# Activity
The line with "Find Someone Who... Bingo Card" marks the first line to copy, and the line with "パーマ メンズ ミディアム カット パーマ 村井 隆仁のヘアスタイル" marks the last. Transcribe that stretch of the data below exactly, without pictures.

# Records for processing
+ + + + +
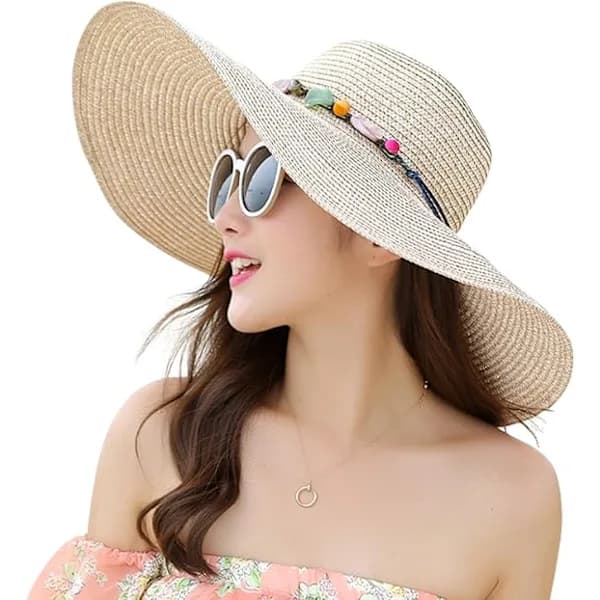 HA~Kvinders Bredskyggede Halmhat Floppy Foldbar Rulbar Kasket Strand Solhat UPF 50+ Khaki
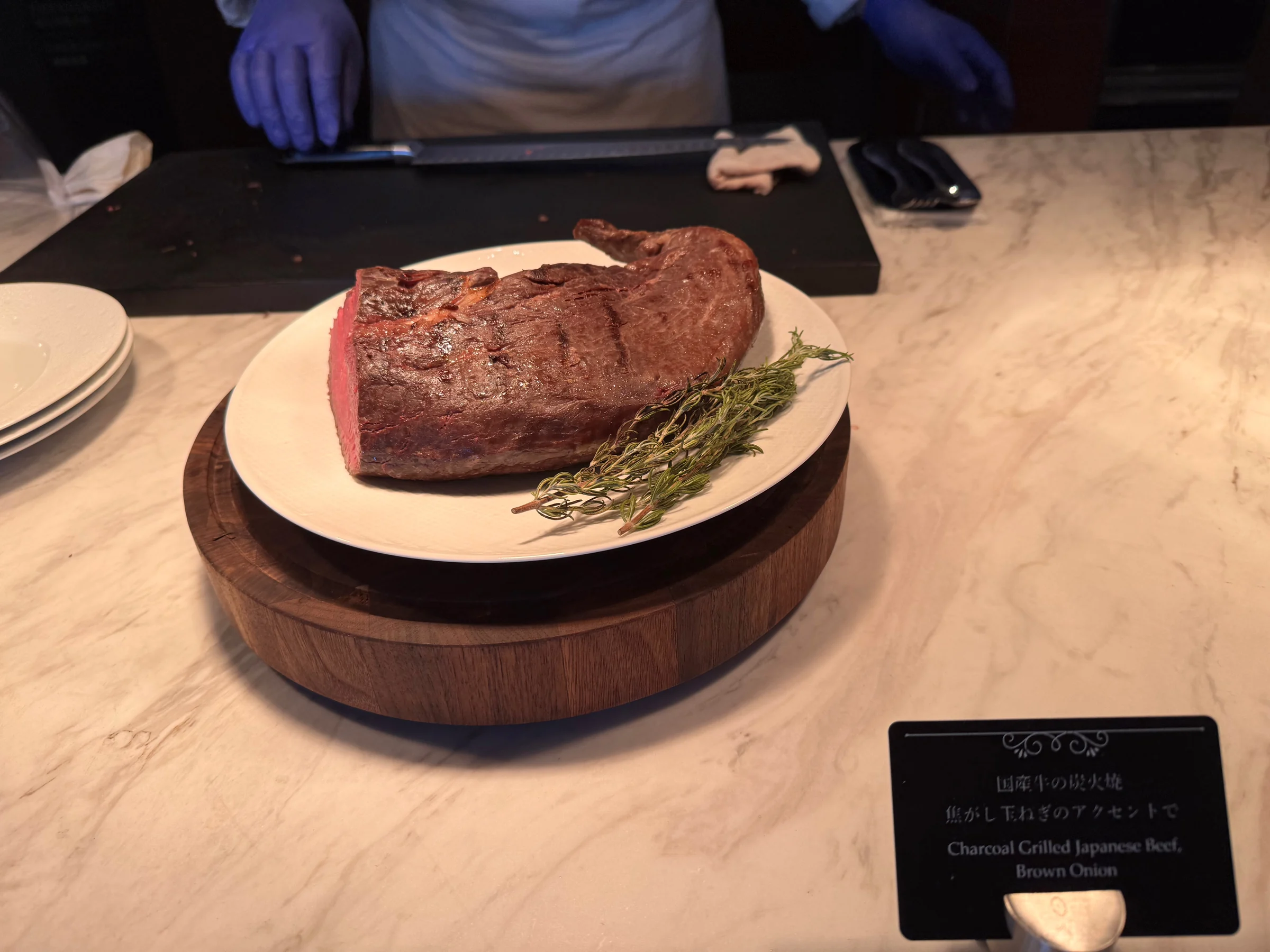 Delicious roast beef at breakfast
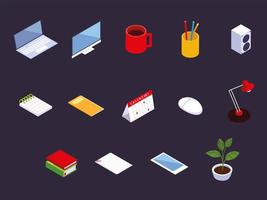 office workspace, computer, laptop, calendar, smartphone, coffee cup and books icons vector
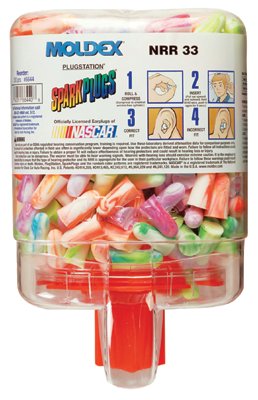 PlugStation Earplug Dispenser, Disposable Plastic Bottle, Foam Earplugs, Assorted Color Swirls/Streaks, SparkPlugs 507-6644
+ + + + +
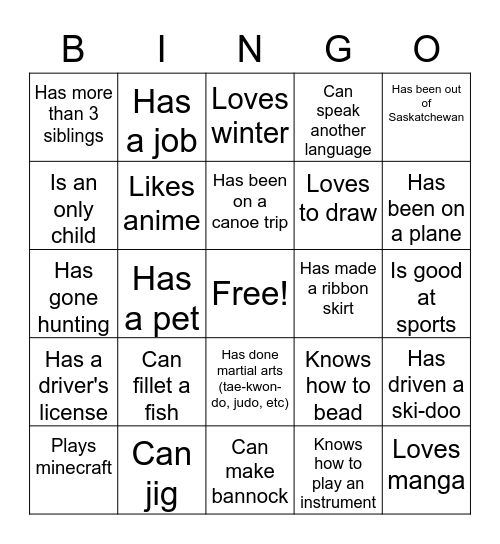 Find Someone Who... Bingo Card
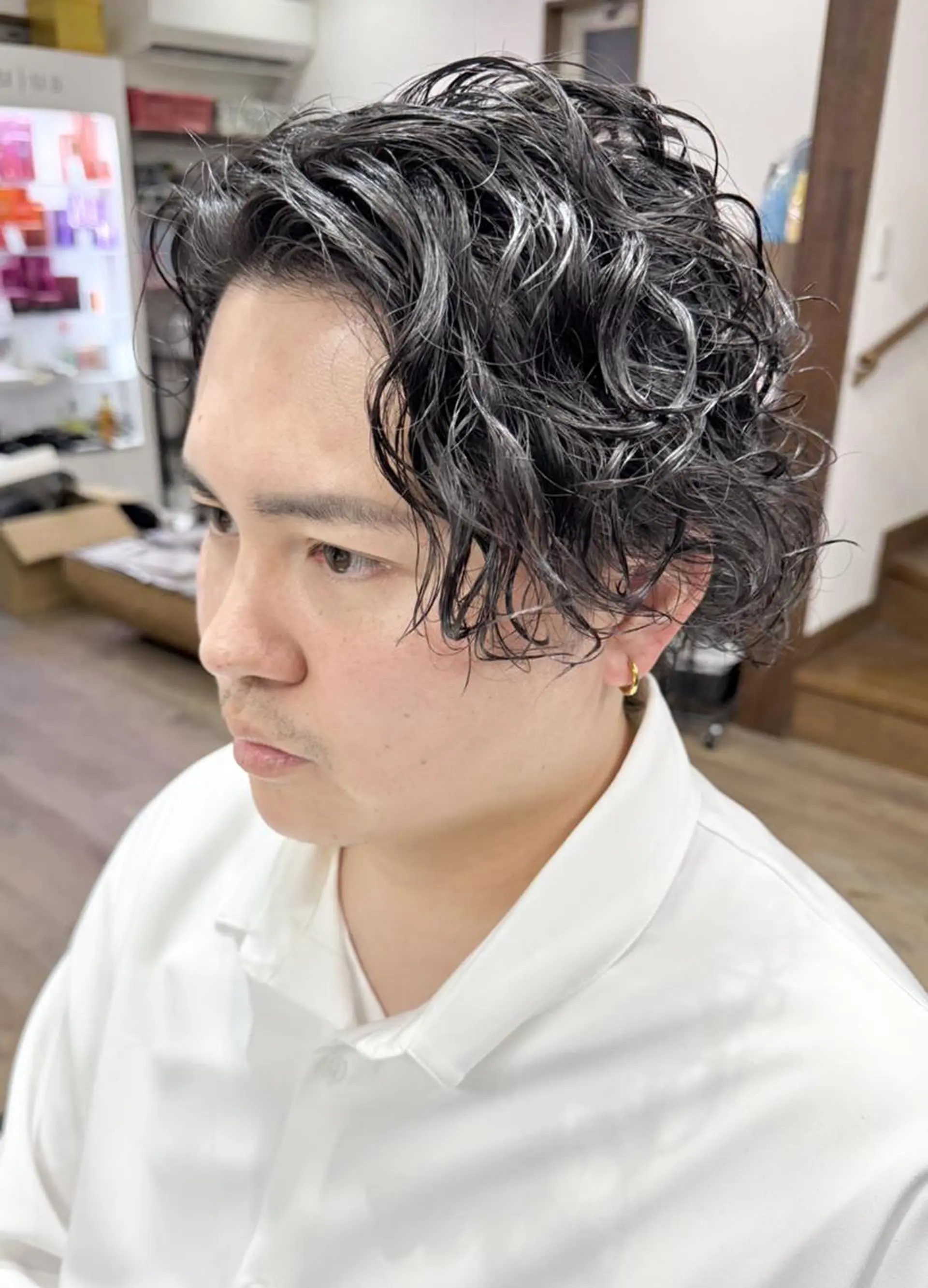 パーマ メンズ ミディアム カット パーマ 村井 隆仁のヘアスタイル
+ + + + +
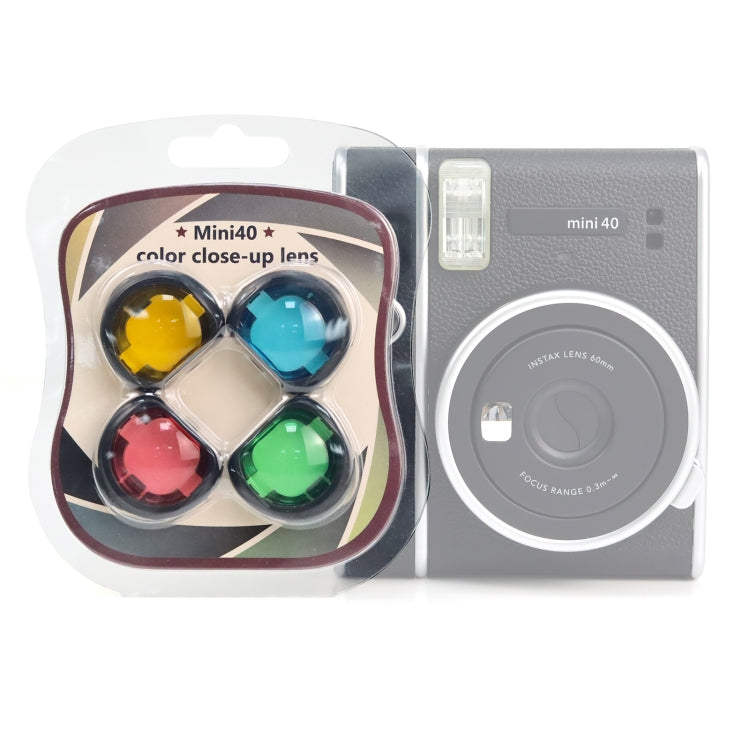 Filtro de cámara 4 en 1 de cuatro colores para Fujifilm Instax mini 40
+ + + + +
# Result below
 Find Someone Who... Bingo Card
 パーマ メンズ ミディアム カット パーマ 村井 隆仁のヘアスタイル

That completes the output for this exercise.